This provoked dissent within the party, and even within the party leadership. Already in 1920-21 a group calling itself the ‘workers’ opposition’ had argued at conferences, in party publications (which were still open to it) and in 250,000 copies of a pamphlet (printed on party presses) that workers were losing out. But it was unable to put forward any practical proposals for dealing with the general impoverishment of the country. In 1923-24 wider opposition arose, with an open letter from 46 old Bolsheviks critical of the bureaucratisation of the party. This ‘Left Opposition’ coalesced around Trotsky, president of the St Petersburg soviet of 1905, organiser of the October insurrection and founder of the Red Army. It argued that the only way forward lay in three connected sets of measures—the expansion of industry so as to increase the social weight of the working class, an increase in workers’ democracy, and an end to bureaucratic tendencies within the party and the state. These alone could preserve the health of the workers’ state until the revolution spread internationally.

There was a torrent of abuse against the opposition such as the party had never known before. For every article putting the Left Opposition’s point of view in the party press there were ten by the leadership denouncing them. There was diatribe after diatribe against ‘Trotskyism’, and Trotsky himself was demoted from the key position of head of the Red Army to a secondary role as minister for science and technology, while Stalin accumulated increasing power in his own hands.

How bureaucratised the party had become was shown in 1926, when Stalin and Bukharin fell out with Zinoviev. The Petrograd district organisation which had until then virtually unanimously backed Zinoviev now just as unanimously denounced him. Zinoviev and his supporters were subject to the same sort of attacks that had previously been directed at Trotsky and the Left Opposition.

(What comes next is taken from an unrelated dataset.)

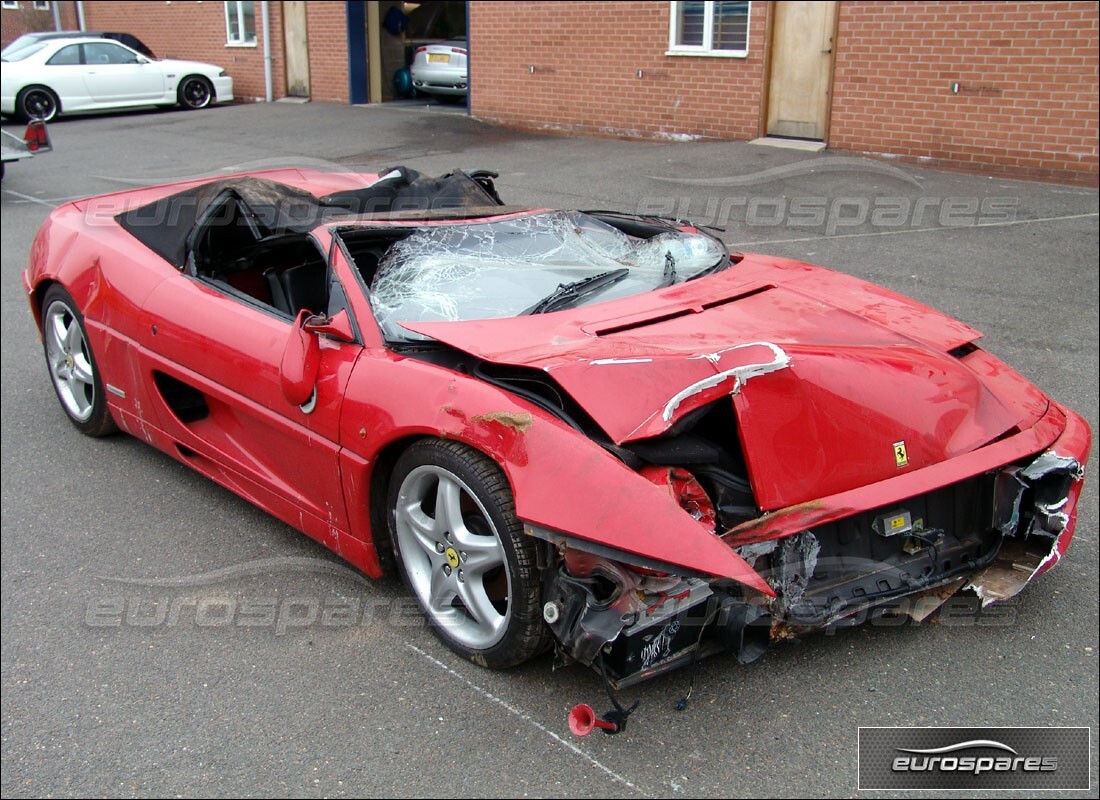 ferrari 355 (5.2 motronic) con 15,431 miles, preparándose para desmantelar #1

It was at this point that Stalin and Bukharin gave expression to the bureaucratic conservatism of much of the party by embracing a completely new doctrine known as ‘socialism in one country’. Previously all the leaders of Bolshevism had been agreed that while workers could establish a state of their own in a single country they could not advance to full socialism on that basis. Overcoming the heritage of 5,000 years of class society would only be possible by utilising all the means of production created by modern industrial capitalism—and these existed on a world scale, not in one country, and certainly not in a backward country like Russia. Eventually the revolution had to spread or die.

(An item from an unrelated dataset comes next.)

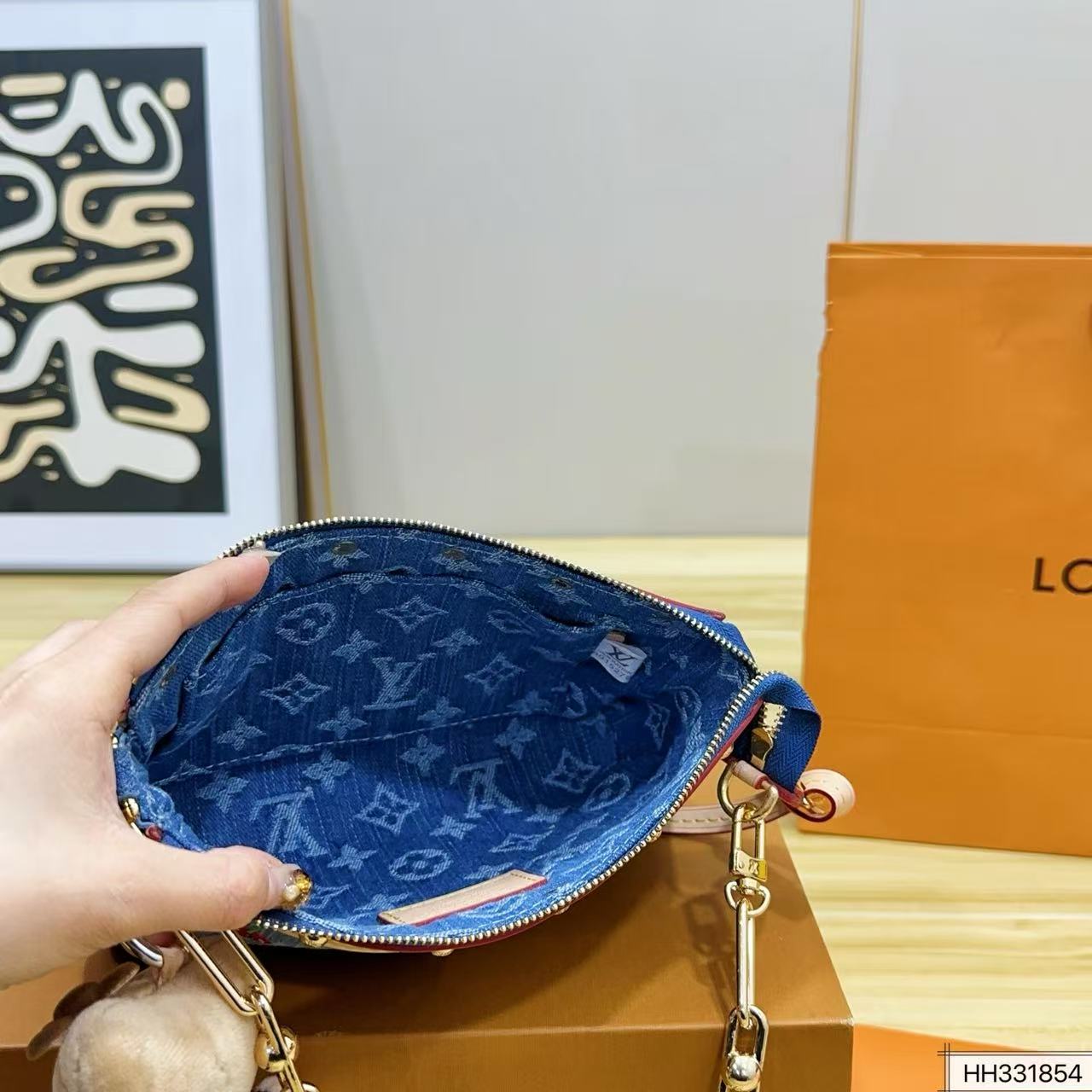 LV チェリー チェーンショルダーバッグ【50％割引+送料無料】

Not only had Lenin reiterated this on numerous occasions, but Stalin himself had insisted in his book
Lenin and Leninism
, published in 1924:

The main task of socialism—the organisation of socialist production—still remains ahead. Can the task be accomplished, can the final victory of socialism in one country be achieved without the joint efforts of the proletariat of several advanced countries? No, this is impossible…For the final victory of socialism, for the organisation of socialist production, the efforts of one country, particularly of such a peasant country as Russia, are insufficient.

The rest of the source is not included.